WHAT THE TASK REQUIRES »
Copy all lines holding the word "House" from the entries.

Collected data:
BEGIN

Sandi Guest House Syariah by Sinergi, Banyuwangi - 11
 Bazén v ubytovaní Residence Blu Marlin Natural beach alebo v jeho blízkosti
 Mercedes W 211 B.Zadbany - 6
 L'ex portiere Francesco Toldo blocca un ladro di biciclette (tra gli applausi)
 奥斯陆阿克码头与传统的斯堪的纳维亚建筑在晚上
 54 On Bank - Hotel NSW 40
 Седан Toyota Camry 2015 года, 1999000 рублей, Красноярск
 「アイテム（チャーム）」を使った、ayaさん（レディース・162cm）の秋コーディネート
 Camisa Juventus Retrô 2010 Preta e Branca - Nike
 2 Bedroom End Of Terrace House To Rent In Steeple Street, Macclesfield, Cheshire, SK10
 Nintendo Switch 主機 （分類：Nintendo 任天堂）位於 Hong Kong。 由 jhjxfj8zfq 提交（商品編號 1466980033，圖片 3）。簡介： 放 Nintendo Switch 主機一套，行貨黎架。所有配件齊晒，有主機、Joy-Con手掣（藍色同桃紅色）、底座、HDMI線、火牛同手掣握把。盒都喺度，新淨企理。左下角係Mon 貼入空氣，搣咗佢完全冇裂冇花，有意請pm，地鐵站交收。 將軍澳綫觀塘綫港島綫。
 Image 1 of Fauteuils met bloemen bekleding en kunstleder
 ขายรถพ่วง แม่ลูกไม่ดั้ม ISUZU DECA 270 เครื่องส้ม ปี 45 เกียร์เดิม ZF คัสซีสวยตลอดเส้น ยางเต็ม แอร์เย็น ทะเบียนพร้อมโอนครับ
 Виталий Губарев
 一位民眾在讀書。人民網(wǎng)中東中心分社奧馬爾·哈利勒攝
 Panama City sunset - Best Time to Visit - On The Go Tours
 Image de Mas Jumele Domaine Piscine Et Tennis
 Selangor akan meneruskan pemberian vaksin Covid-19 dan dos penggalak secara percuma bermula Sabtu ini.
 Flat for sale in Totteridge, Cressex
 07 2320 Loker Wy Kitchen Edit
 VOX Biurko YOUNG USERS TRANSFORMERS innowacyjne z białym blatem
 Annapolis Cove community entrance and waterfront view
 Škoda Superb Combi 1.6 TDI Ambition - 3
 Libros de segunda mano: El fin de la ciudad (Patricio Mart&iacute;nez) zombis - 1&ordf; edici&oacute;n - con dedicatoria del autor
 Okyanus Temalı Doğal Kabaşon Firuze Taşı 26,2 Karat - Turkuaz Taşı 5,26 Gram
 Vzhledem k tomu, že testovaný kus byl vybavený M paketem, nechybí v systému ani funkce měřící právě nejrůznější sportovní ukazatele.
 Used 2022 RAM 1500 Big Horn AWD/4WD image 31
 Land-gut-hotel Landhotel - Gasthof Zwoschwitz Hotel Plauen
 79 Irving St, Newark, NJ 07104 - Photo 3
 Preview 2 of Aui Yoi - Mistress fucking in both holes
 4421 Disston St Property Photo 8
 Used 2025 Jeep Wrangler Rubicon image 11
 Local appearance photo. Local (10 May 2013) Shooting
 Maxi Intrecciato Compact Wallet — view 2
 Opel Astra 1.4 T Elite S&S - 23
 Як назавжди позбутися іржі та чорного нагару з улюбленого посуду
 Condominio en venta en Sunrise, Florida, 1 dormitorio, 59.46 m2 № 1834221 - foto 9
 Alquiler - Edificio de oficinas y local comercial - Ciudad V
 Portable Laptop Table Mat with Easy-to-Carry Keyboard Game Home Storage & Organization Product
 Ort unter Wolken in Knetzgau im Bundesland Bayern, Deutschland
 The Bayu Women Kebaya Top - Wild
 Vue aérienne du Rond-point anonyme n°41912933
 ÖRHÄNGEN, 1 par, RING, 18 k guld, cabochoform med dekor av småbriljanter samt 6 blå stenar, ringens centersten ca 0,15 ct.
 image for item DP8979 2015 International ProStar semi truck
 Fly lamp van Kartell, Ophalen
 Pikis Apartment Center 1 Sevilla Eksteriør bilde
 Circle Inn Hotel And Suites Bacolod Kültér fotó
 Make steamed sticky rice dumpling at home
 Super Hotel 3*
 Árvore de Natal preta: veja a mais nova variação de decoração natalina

END

THE ANSWER »
Sandi Guest House Syariah by Sinergi, Banyuwangi - 11
 2 Bedroom End Of Terrace House To Rent In Steeple Street, Macclesfield, Cheshire, SK10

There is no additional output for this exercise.